The work of Thibault Jeanson results from a long immersion in the Observatory to better highlight its essential elements. An ambience, a detail, a flash of light, characterize his pictures, dominated by feeling.
Chapter 1: the Arago dome.
Observatorio Somnia
“The installations at the Paris Observatory, at the heart of numerous visual, auditory and olfactory events, are always in a certain sense interactive, which forced me to reconsider my images from a photographic point of view: I forced myself to frame and search for a memento related to what was in front of the camera.
“Rather than to reproduce the visual, I have tried, and the paradox is hard to realize, to transcribe emotions, to include in the picture light and depth, a suspended moment “beyond” time.
“To appreciate the various elements of a place forces me in general to constantly go back, , to absorb myself in it, and to search for a sign on its walls; some kind of “timelessness.” A continuously passing instant of time.
“Just like the layers of earth created by successive landslides or gradual accumulation, my pictures try to represent an exact cross-section, a slice taken out of time.
“I try to go beyond the simply “beautiful” or documentary; in a certain sense, I am searching for the point where attention meets intention and where emotion dominates.
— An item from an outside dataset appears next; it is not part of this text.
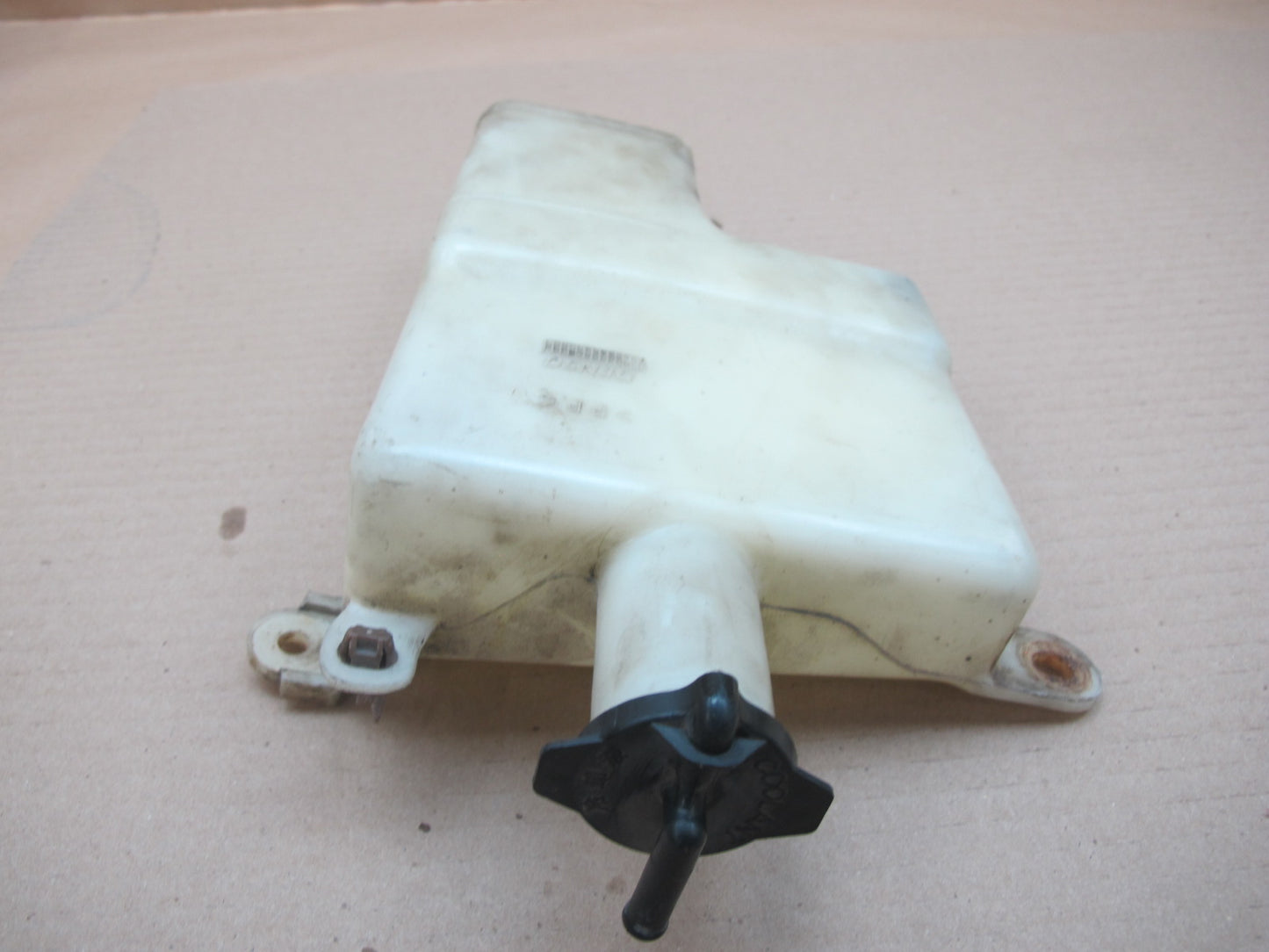 1998-2007 Lexus UZJ100L LX470 Engine Coolant Expansion Overflow Reservoir Tank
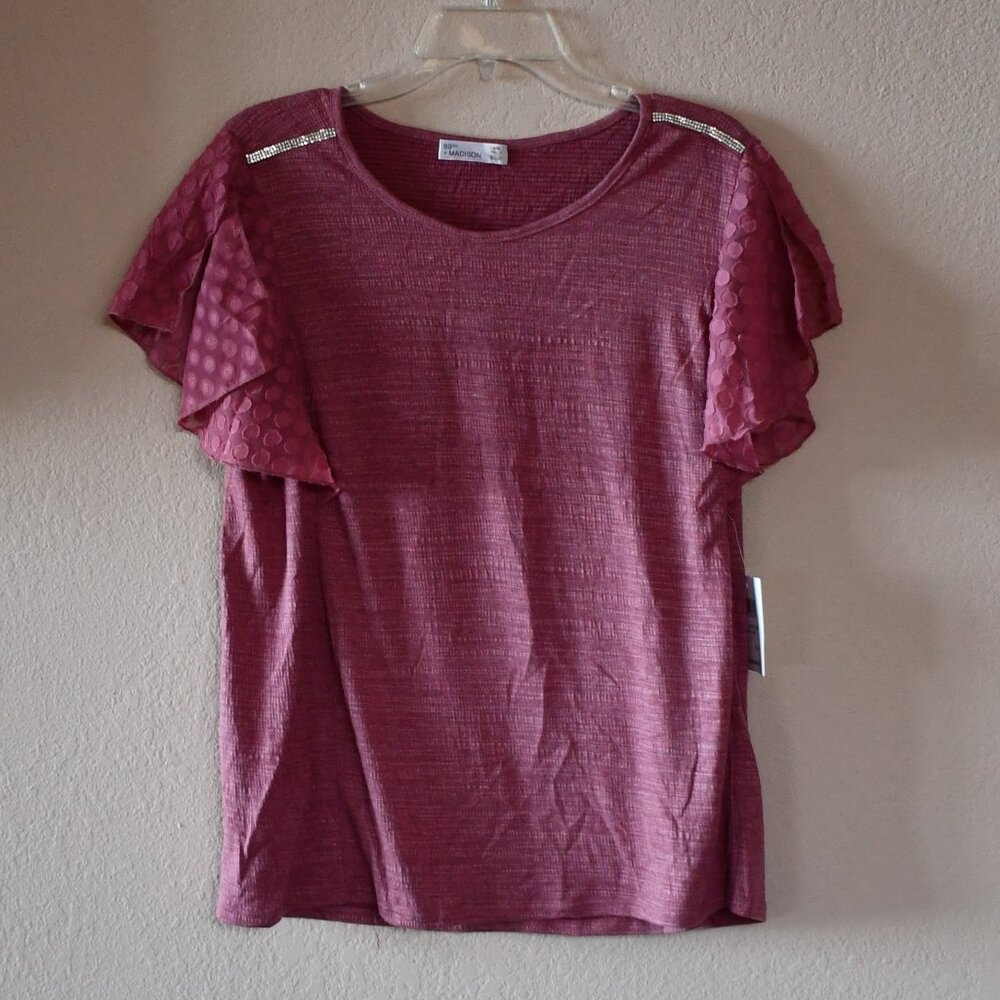 89th & Madison Women's Red Short Split Lace Sleeve Embellished Top NWT Size Med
Something of that “smile” that Roland Barthes seemed to search in the pictures of his dead mother.
“The Paris Observatory is a singular place, full of history and of… histories… Sometimes graven on its walls, but also quite simply by the trace of a body on a seat or the wear of an object, sometimes also by the muted sound of animals padding on the dome, by the swishing of the telescope in motion, by the smell of the century-old parquet… And, always pointing toward a distant object, looking at the almost ageless stars, the telescope suggests that we dream and think about the infinite.